Almost 56% of these homeless veterans tend to come from either the African-American or Hispanic backgrounds. It is not as if a homeless veteran is any better off than a homeless non-veteran. Rather, sometimes they may actually be worse off. Almost 53% of homeless veterans have disabilities compared to 41% of homeless non-veteran. Homeless veterans also tend to spend more time as homeless, almost six years compared to four for their non-veteran counterparts. With having to pay more than half their income just on rent, more and more veterans are at a risk of becoming homeless with each passing day.
Factors Behind Homelessness In Veterans:
A study published in the American Journal of Public Health titled, ‘Risk Factors for Becoming Homeless Among a Cohort of Veterans Who Served in the area of the Iraq and Afghanistan Conflicts’, highlights some important factors regarding the situation. They discovered that between 310,685 veterans serving as soldiers between the years 2005-2006, there appeared an incident of five years where certain veterans became homeless. Such incidence of Homelessness was at 3.7%. Of course other factors are involved as well, with two primary reasons being low pay in the military along with pay hologram disorders stemming from time deployed. With more than 500,000 veterans becoming homeless at some point in the year, the Department of Veterans Affair has difficulties reaching out to everyone. Due to this, only about 25% of homeless veterans receive help from the government, while the others are left to fend for themselves. But what are some of the reasons behind why veterans become Homeless?
Economic Difficulties: Many of the people who become veterans at war are those who come from marginal sections of the society, which has is where they return after the war. Low pay in the military forces these people to live in substandard or extremely crowded housing. Even then they have to spend more than half their income on just rent. Such difficulties eventually see them turning to the streets.
Substance Abuse: Exacerbated by prior addiction or underlying mental health issues, addictions like alcohol or cocaine are rather expensive. A truly addicted individual would rather live on the streets and get their hit instead of living without these substances.
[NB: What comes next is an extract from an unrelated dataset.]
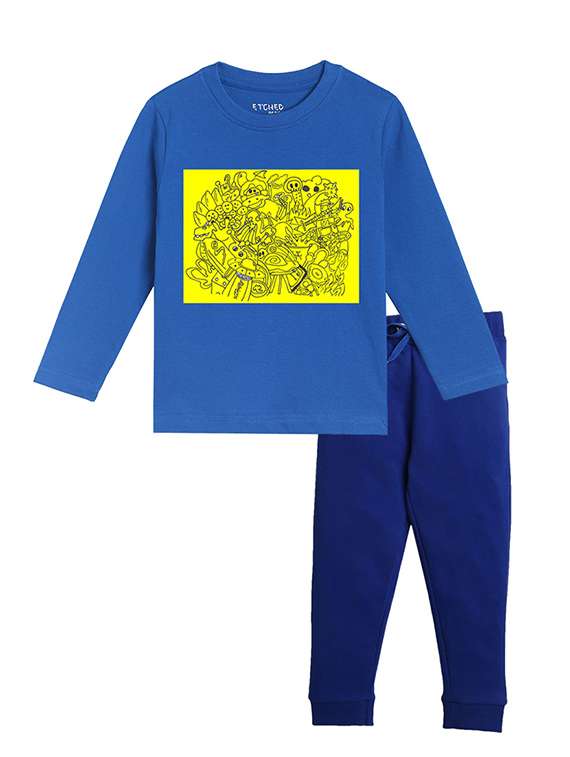 boys printed long sleeve full lenght set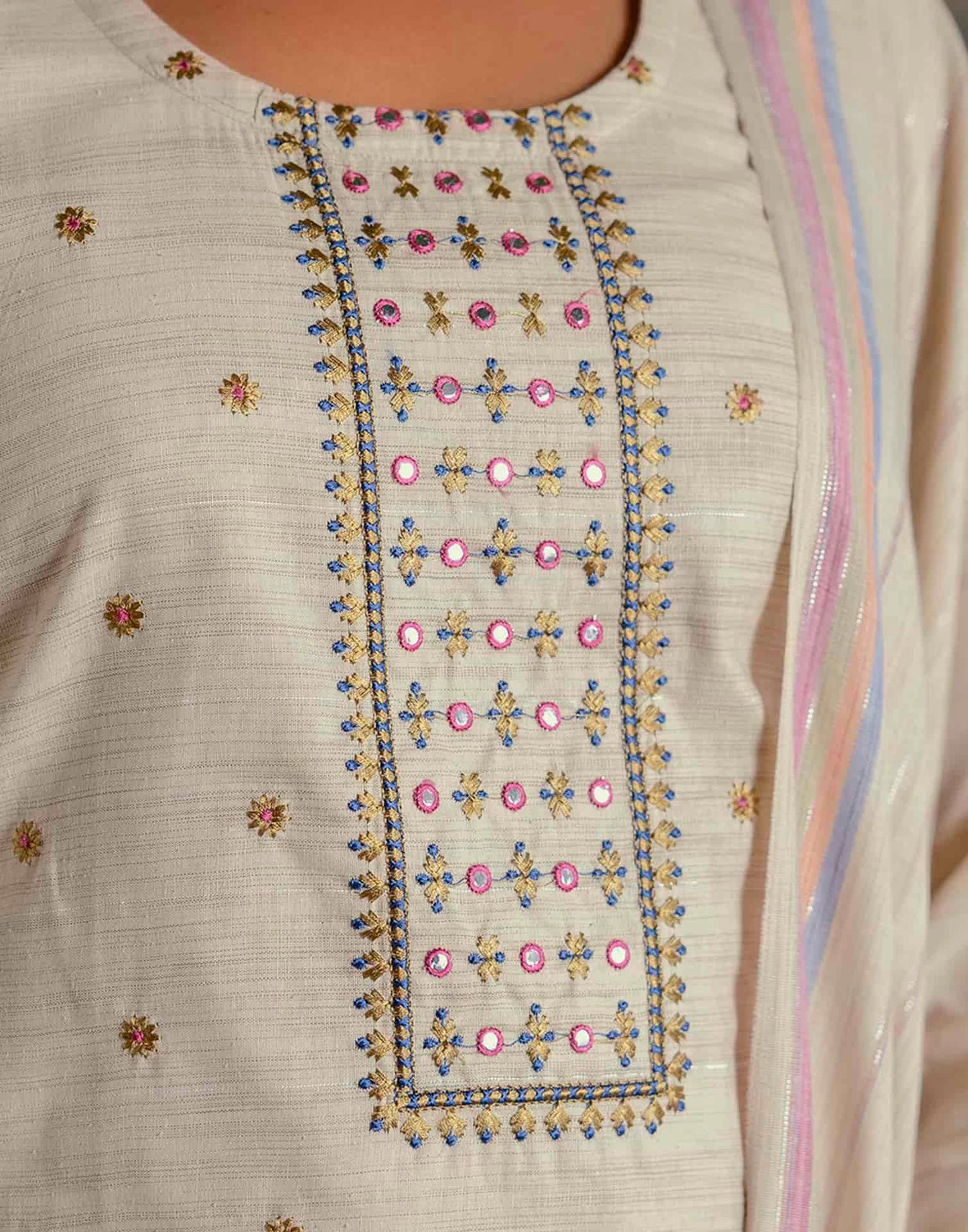 Cotton Weaving and Embroidery A-Line Kurta with Pant & Dupatta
PTSD: It is extremely common for people who have been to war to suffer from PTSD. However, not everyone seeks treatment for it. Whether it is for financial difficulties, the desire to not let anyone find out that there is a psychological condition or just no treatment centres nearby. They live their daily lives crippled by the state of their own minds and find it difficult to adjust to life.
Deliberate Social Alienation: There are many veterans who after returning to society deliberately chose to stay away from near and dear ones. While the reasons behind such decision making are very complex, these people are nonetheless left without a social network to depend on should they need someone to fall back on.
Homelessness is not a proper state of life to be in and not conducive to healthy standards of living. With more and more inititutive designed to bring the veteran back into homes, the fight for survival for many veterans do not end just after the war.